Christopher Glynn brought suit under general maritime law and the Jones Act for injuries allegedly suffered as a crew member on board the F/V NO PROBLEM. The vessel was owned by Roy Al Boat Management Corporation, and mastered by Captain Daniel Shawhan. The district court 1 determined that Roy Al was Glynn's "employer" but left Shawhan's "employer" status for the jury to decide. The jury returned special verdicts against both Roy Al and Shawhan on Glynn's claims for unseaworthiness, negligence, and maintenance. It also awarded punitive damages after finding that Roy Al and Shawhan acted arbitrarily, willfully, and with bad faith in failing to provide maintenance and cure. The district court awarded attorney's fees on the claim for maintenance and cure, but granted judgment notwithstanding the verdict on punitive damages as it believed that punitive damages are unavailable as a matter of law. The court also declined to award prejudgment interest on the ground that it is a question for the jury which Glynn waived by failing to request an instruction. Both parties appeal.

We conclude that the court properly determined that Roy Al, as the vessel owner for whom Glynn worked, was Glynn's Jones Act "employer" because the relationship bears no indicia of a joint venture other than the fact that Glynn's wages were determined by a percent of net profits. We also hold that there can be no more than one "employer" for purposes of the Jones Act. Submitting the question of Shawhan's "employer" status to the jury was therefore error, requiring reversal of the judgment against him for negligence.

On Glynn's cross-appeal we conclude that the district court properly granted JNOV on punitive damages because they are unavailable on claims for unpaid maintenance and cure. Finally, we hold that when a maritime claim is tried to a jury, the issue of prejudgment interest is for it to decide.
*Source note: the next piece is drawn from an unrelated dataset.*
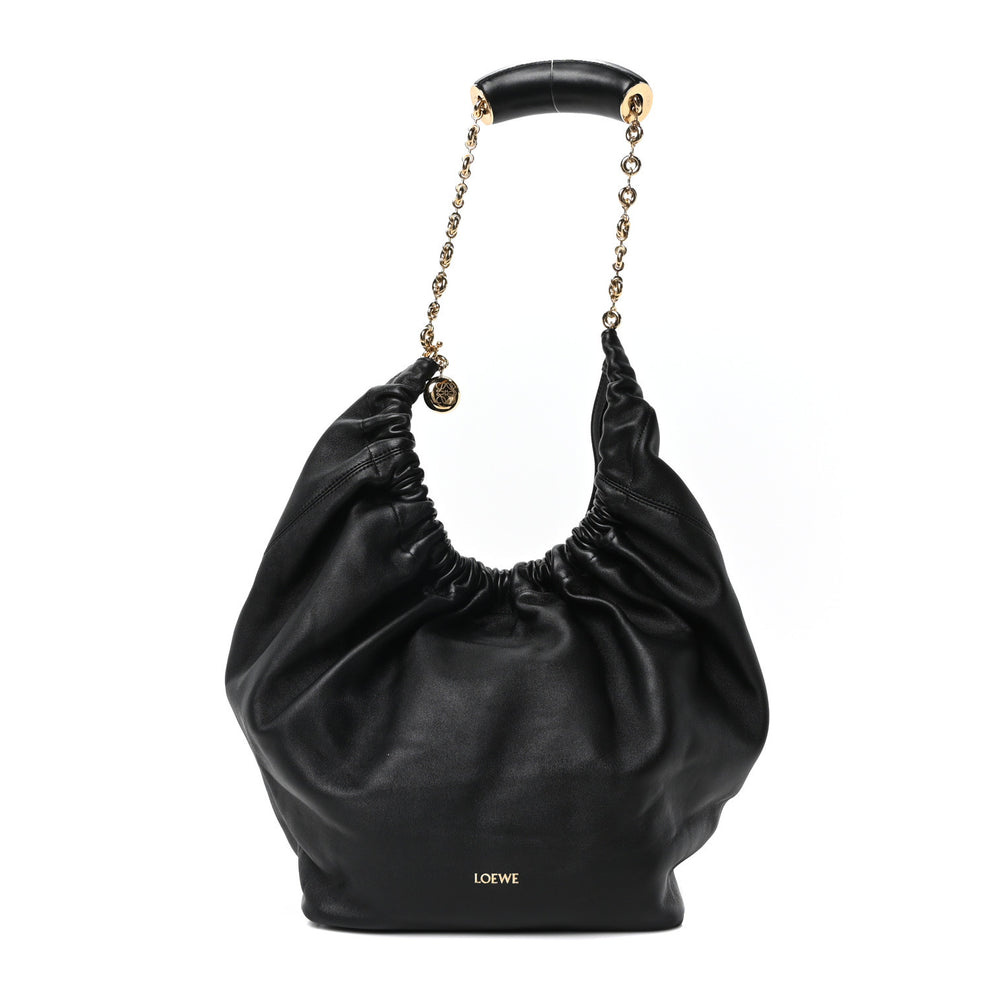 Buttery Nappa Lambskin Medium Squeeze Bag Black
As we have jurisdiction under 28 U.S.C. Sec. 1291, we affirm in part and reverse in part.

I

To recover under the Jones Act, 2 the plaintiff must show that the defendant was his employer at the time of injury. Cosmopolitan Shipping Co. v. McAllister, 337 U.S. 783, 787 n. 6, 69 S.Ct. 1317, 1319-20 n. 6, 93 L.Ed. 1692 (1949). Although both parties make a number of arguments, the dispute boils down to whether the district court should have instructed the jury that Glynn was "an employee of Defendant Shawhan or Roy Al Boat Management Company, or both ... [and] that it has already determined that as a matter of law plaintiff was an employee of Defendant Roy Al Boat Management Company." As Roy Al, Shawhan, and F/V NO PROBLEM jointly appeal and point no fingers at one another, we are not concerned here with whether one rather than the other should be Glynn's employer. 3 Rather, all contend that the district court went astray by determining that an employer/employee relationship existed as a matter of law. Roy Al maintains that the jury could have found that Glynn was a joint venturer or independent contractor, not an employee. 4 Shawhan in turn argues that it was erroneous to submit his status to the jury because, having already found that Roy Al was Glynn's employer, the court could not also let the jury find that he too could be a Jones Act employer. 5 Glynn, on the other hand, urges that no reasonable jury could have found that he was a joint venturer or independent contractor, and that he could be employed by Shawhan as well as Roy Al. 6

A

We have long held that whether an employer/employee relationship exists is usually a question of fact for the jury, so long as there is an evidentiary basis for its consideration. See, e.g., Omar v. Sea-Land Serv., Inc., 813 F.2d 986, 989 (9th Cir.1987); The Norland (Loe v. Goldstein), 101 F.2d 967, 971-73 (9th Cir.1939). Roy Al contends that the jury could have found that Glynn was a joint venturer based on evidence that Shawhan and the crew were paid percentages out of 100 percent of the net profit, Roy Al managed the joint venture's administrative work and contributed the F/V NO PROBLEM, each crew member's gear was deducted from his share of net profit, Shawhan cut the checks for the crew's share, and Shawhan understood himself to be self-employed.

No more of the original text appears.